Training Fasttext is really easy, we just need to create a model instance and pass it the input file we created earlier:

import fasttext

def trainModel():
    model = fasttext.train_supervised(
        input="dataset.txt",
        epoch=25,
        wordNgrams=3,
        bucket=200000,
        dim=100,
        loss="ova",
        thread=6
    )

    model.save_model("./model")

I won't go too much into detail on all the arguments passed to the trainer. You can read more here. There are 3 important settings that you need to know:

epoch: This is basically, how many times the classifier loops through the entire dataset. Every time it does a loop, the classifier can self-correct and improve its accuracy. You should adjust this based on your "AVG LOSS" that you'll see in the terminal when Fasttext is running. Increase this number to try and get the lowest amount of loss.
wordNgrams: The model will look at X number of words together, to try and understand meaning, instead of a single word. I find 3 works nicely for most use cases but you can toggle this based on your dataset and the avg loss.
dim: under the hood, Fasttext is vectorizing the text, which means it takes each word and converts that to a mathematical value, therefore this allows for running mathematical algorithms against the data to compare and determine the similarity of text.

Predicting labels

Now that we have a trained model, we can easily load this model and run some predictions:

import fasttext

def predict(text):
    model = fasttext.load_model("./model")
    result = model.predict(clean_text(text))
    (labels, stats) = result

    results = []
    for i,label in enumerate(labels):
        accuracy = stats[i]*100
        results.append({"label": label, "accuracy": accuracy})

    return results

If I pass in "robert mondavi private selection chardonnay" - I get back the following prediction:

[{'label': '__label__wine', 'accuracy': 16.452647745609283}]
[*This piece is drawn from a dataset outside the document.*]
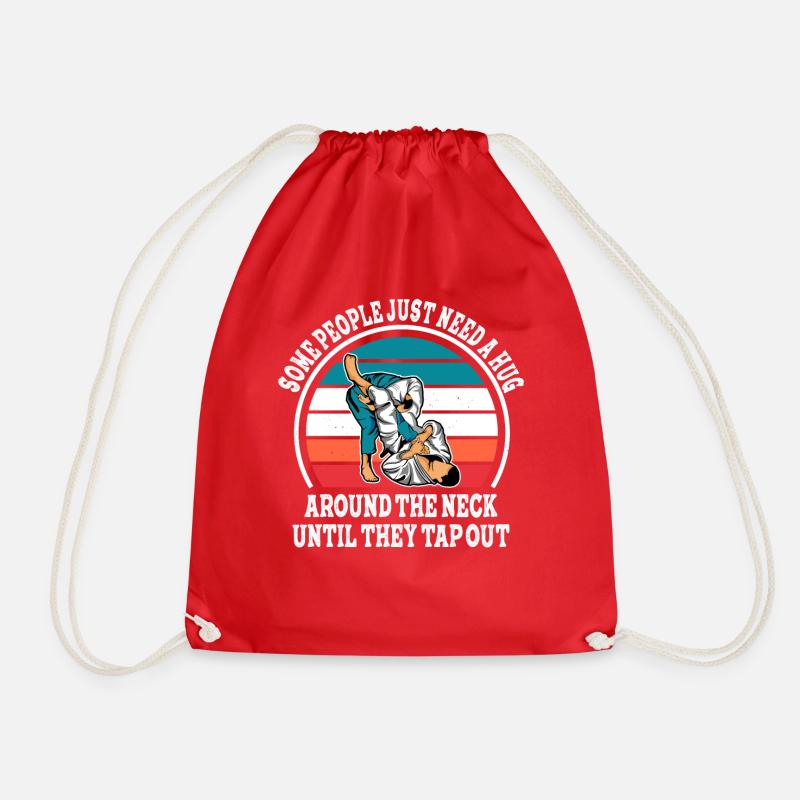 Some People Just Need A Hug Cage Fighter - Drawstring Bag - red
As you play around with the predictions you'll notice some weird variations, as pointed out earlier, fasttext is not really the most accurate of classifiers. It all depends on your dataset. Sometimes it performs really well and at other times really poorly.

Alternative approaches

If the accuracy of Fasttext is not really working for you, and using an LLM is too costly at scale, an alternative approach would be to use vector embeddings. You could use similar examples as per the CSV file we used earlier, vectorize each product name, and store those in Qdrant or Redis.

Thereafter, use cosine similarity to compare and find the most closely related product, which in turn will give you the relevant label.

Example:

Product A: Apple Macbook PRO 256GB 2020 edition, Category: Macbooks

Product B: Macbook PRO 256GB 13”

Even though these have variations in the title, a vector embedding comparison should easily identify that they are a similar product and category Product B as a “Macbook”.

You can probably use an LLM to build the initial dataset of examples and feed that into Qdrant/Redis.

As you verify products, feed the data back into your Qdrant/Redis datastore, and over time, the accuracy will get to a level closer to 100%.